Gore was an extraordinarily skilled evangelist, and he took his message to scientists on their own terms — with a PowerPoint presentation.
But even so, AIT was not really about science; it was a sermon — complete with a moral arc (with those who are evil and those who are righteous), a clear account of sin (fossil fuel emissions), a warning of coming judgment (floods, storms, tipping points), and a path to redemption (political will, renewable energy, personal responsibility).
The film ends with a call to conversion.
Gore was part of a broader trend in which leaders of the scientific community were increasingly associating themselves with Democratic politics. When he stepped onto the stage in Chicago, he was already a liberal cause célèbre — and he knew exactly the choir he had assembled before him.
Matt Nisbet’s Climate Shift helps to explain why scientists at AAAS were so receptive to Gore’s message. In 2009, >50% of AAAS members self-identified as liberal or very liberal, just 9% as conservative, and 55% identified as Democrats versus just 6% as Republicans.
The figure below, from Nisbet’s report, shows that AAAS members self-reported being more partisan and more ideological than Fox News viewers on the right and MSNBC viewers on the left.

Nisbet observed, “AAAS members rank among the most like-minded” of any major social group in the United States. At the 2009 AAAS meeting in Chicago, Gore was not speaking to an audience with political views that resembled those of the American public.
He was speaking to an audience that was, by its own description, already supportive of the politics and ideology that his message reinforced.
Looking back, my reaction to Gore’s AAAS talk focused on its substantive content, not its symbolic significance.
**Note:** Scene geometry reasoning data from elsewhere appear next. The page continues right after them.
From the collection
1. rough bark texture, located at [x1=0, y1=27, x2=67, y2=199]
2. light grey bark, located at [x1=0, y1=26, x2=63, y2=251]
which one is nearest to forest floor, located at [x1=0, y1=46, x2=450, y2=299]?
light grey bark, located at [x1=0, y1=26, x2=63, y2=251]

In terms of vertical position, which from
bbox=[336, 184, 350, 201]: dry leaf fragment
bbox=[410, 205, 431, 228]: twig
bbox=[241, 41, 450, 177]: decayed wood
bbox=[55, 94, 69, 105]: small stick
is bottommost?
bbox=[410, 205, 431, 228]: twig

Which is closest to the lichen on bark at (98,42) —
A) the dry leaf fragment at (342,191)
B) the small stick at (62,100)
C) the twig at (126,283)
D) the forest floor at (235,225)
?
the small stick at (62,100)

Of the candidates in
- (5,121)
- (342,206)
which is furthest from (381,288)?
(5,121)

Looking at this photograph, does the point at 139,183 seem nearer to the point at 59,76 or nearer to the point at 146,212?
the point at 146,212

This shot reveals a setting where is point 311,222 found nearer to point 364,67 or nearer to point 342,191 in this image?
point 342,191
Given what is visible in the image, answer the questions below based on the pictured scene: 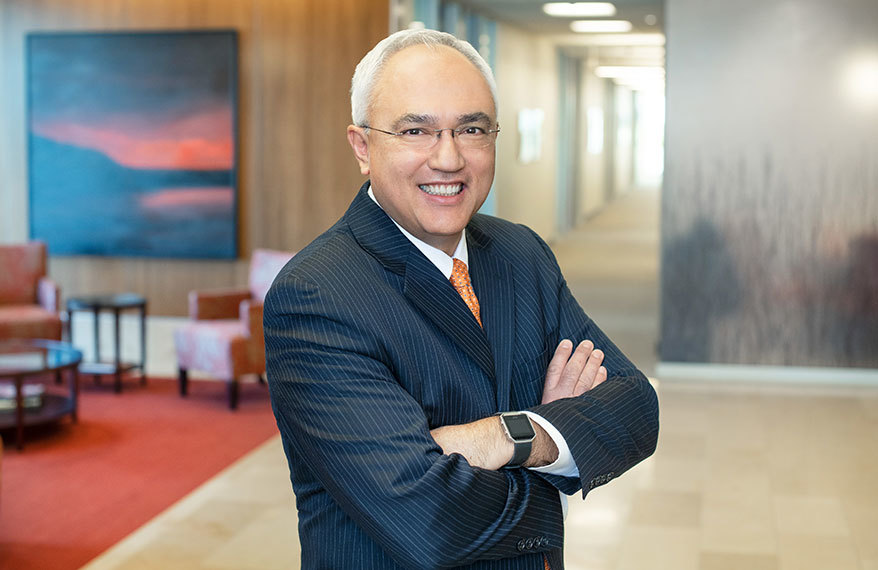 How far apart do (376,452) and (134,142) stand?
864 centimetres

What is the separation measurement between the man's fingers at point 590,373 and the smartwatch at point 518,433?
0.87ft

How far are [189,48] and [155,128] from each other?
0.83 meters

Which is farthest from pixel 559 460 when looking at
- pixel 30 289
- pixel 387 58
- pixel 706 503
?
pixel 30 289

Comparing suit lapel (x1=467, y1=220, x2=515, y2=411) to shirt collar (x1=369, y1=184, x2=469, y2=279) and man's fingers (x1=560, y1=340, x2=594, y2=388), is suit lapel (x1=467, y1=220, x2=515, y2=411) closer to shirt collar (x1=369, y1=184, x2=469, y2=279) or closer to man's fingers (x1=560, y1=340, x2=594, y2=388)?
shirt collar (x1=369, y1=184, x2=469, y2=279)

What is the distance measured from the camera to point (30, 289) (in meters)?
8.86

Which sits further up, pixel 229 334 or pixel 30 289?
pixel 30 289

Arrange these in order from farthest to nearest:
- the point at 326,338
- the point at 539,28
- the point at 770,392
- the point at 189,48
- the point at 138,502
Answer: the point at 539,28 → the point at 189,48 → the point at 770,392 → the point at 138,502 → the point at 326,338

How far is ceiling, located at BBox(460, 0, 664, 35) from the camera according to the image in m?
12.0

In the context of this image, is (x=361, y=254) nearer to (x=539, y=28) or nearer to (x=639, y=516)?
(x=639, y=516)

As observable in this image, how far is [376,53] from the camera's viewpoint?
1.82m

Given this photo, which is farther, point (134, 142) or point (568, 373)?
point (134, 142)

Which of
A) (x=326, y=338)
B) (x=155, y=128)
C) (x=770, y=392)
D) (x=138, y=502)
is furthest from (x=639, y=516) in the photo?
(x=155, y=128)

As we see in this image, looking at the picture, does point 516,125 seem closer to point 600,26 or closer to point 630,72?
point 600,26

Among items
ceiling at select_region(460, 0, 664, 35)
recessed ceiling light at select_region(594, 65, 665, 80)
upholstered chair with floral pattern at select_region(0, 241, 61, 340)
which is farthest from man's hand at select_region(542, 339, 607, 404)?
recessed ceiling light at select_region(594, 65, 665, 80) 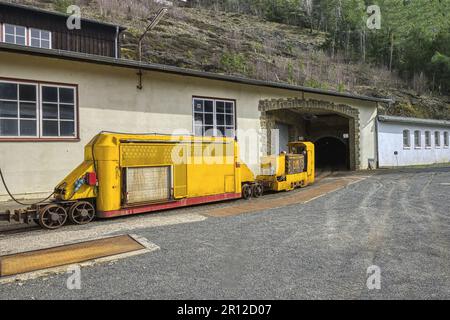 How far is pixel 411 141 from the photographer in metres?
24.8

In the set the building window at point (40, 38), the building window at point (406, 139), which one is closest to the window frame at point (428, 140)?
the building window at point (406, 139)

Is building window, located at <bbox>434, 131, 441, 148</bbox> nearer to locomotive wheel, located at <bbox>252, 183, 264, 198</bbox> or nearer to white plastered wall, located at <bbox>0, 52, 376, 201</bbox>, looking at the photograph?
white plastered wall, located at <bbox>0, 52, 376, 201</bbox>

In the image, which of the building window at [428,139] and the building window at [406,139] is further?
the building window at [428,139]

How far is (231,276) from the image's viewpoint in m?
4.47

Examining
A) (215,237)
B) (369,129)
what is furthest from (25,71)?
(369,129)

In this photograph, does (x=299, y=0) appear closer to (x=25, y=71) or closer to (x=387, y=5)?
(x=387, y=5)

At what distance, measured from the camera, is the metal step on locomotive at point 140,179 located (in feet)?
25.6

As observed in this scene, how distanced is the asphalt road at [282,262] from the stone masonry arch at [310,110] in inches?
327

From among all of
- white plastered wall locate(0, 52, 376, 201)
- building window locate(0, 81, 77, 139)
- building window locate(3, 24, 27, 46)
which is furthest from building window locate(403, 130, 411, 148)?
building window locate(3, 24, 27, 46)

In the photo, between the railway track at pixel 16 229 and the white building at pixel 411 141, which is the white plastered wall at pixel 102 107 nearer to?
the railway track at pixel 16 229

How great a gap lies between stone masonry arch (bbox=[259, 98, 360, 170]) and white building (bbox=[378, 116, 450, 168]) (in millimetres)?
2209

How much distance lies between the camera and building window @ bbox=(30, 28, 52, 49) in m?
16.2

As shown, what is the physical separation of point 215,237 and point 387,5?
53540mm

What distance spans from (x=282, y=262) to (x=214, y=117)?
9.98 metres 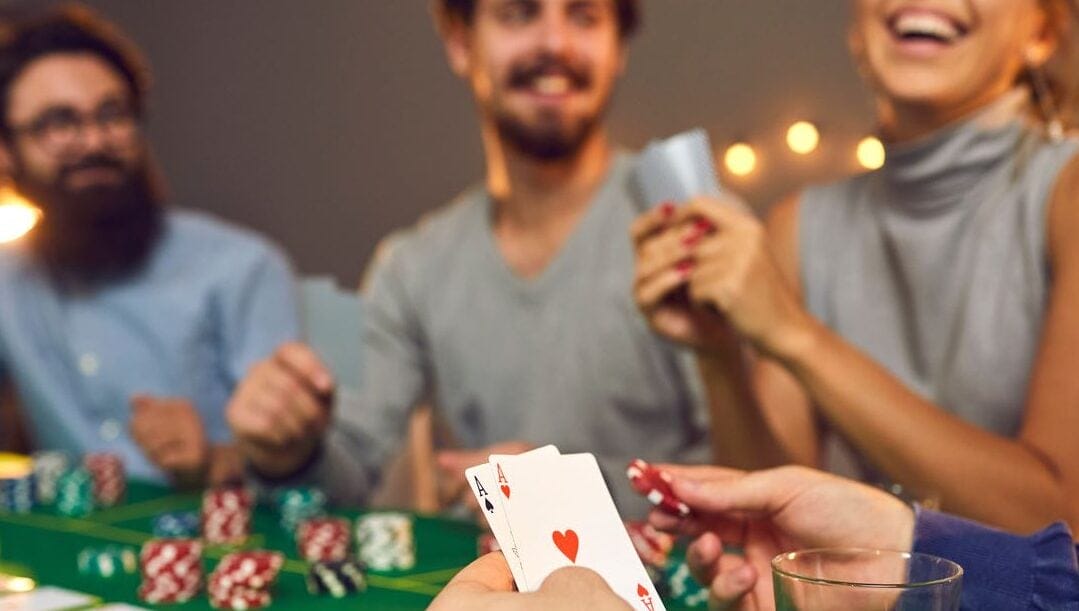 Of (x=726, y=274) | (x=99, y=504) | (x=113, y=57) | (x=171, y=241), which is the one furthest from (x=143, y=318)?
(x=726, y=274)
I missed the forest for the trees.
Two days after Gore’s Chicago sermon, on Prometheus — the popular science policy blog hosted at the university center I directed — I called out Gore for including scientifically incorrect claims in his lecture.

I pulled no punches:
“In his speech Gore attributed a wide range of recent weather events to human-caused climate change including floods in Iowa, Hurricane Ike, and the Australian bush fires.
“Gore sought to sum up all of these weather anecdotes by citing data from the CRED in Belgium showing that the total number of disasters has increased in recent decades.”
For his AAAS lecture, Gore had updated his famous slideshow from the original film with some new slides.
Near the end of his talk, he showed a graph from the Centre for Research on the Epidemiology of Disasters — CRED — displaying a dramatic upward trend in weather-related disaster events, which he used to argue that climate change was already producing “weather-related disasters that are completely unprecedented.”1
A snippet of that slide can be seen above.

As THB readers well understand, the CRED time series on disasters cannot be used to say anything about trends in weather phenomena.
We should always use climate data to investigate climate trends, not data on economic losses or casualties.
In the days following my critique, Andy Revkin of the New York Times asked Gore’s representatives for their reaction. CRED issued a statement that backed me up, which was no doubt more important than my critique for what came next.
Within days, Gore’s office confirmed they were pulling the slide that argued that increasing disaster counts signified increasing extreme weather caused by accumulating greenhouse gases.
His spokesperson’s statement:
“We appreciate that you have pointed out the issues with the CRED database and will make the switch back to the data we used previously to ensure that there is no confusion either with regards to the data or attribution.”
At the time, I thought that getting Gore to correct the factual record was a victory for scientific integrity.
I was wrong. The real issue was not the science, but the sermon.
I was on the right track, though. In my critique of the disaster slide, I reserved my strongest criticism not for Gore — he is, after all, a campaigning politician, not a scientist — but for the scientists in the room who happily cheered on being told false information.